The "according to the cybernetician" part makes it pretty clear that we're now entering some kind of abstract space that cares not for the stated intentions of humans. It seems that what's "very hot right now" is to ignore the first part.

I think it's an especially reasonable position to take when the system in question has no designer to disagree with anyhow.

> we're now entering some kind of abstract space that cares not for the stated intentions of humans

But that's the thing about systems: they may involve humans but they don't necessarily reflect the intentions of the individual humans involved. Even when a system is created with a stated intent (i.e. for a stated purpose) that doesn't mean it will actually behave in a way that aligns with this intent. Logically you then shouldn't take the human intent into consideration when analyzing a system's actual effects and outcomes (except to determine whether it aligns with those but that's secondary).

IOW the purpose of a system (i.e. "what it exists for") can be different from the purpose for which it was created (i.e. "what it is meant to do"). I guess "purpose" in this case is an overloaded term because the former more uses a meaning that more closely aligns with "function" (like the function of a predator in an ecosystem may be controlling prey population but that doesn't suggest intent nor design) and the latter uses a meaning that more closely aligns with "intent" (like during wildfires controlled burns are performed with the intent of stopping the spread of the wildfire).
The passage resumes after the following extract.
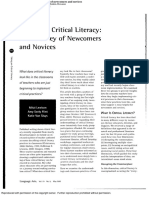 Taking On Critical Literacy
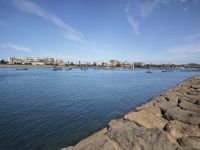Mittagspause an der Promenade in Rabat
But I'd say it's a stretch to apply this to statements like "the purpose of organisms is to increase entropy" because that strongly implies intent rather than function (because the latter could also be simply expressed as "organisms create entropy").

POSIWID is usually the end result of asking some basic questions about "A System":

  -Has the System taken (on) a mind of its own?

  -What does It want?

  -How do we know what It wants?
For organisms, sometimes just asking it directly can give more useful answers (or surprises,YMMV)

Not necessarily. Cybernetics was specifically the study of systems, so that part can also be taken as an appeal to the experts in the matter.

Generally the point of this observation is specifically about human systems, either designed or evolved. The observation stems from the fact that it's (a) impossible to ascertain what the true intention of a human that designed a system was (they may be publicly lying about it, or even privately, it even to themselves), and (b) any complex enough system has been influenced and possibly "warped" by many more than one human, so the original unique intention, whatever it was, isn't the sole guiding principle behind it.

So, if analyzing a system, rather than trying to dig into its creators' history or anything like that, it's best to just look at what the system is doing and consider that its true current purpose.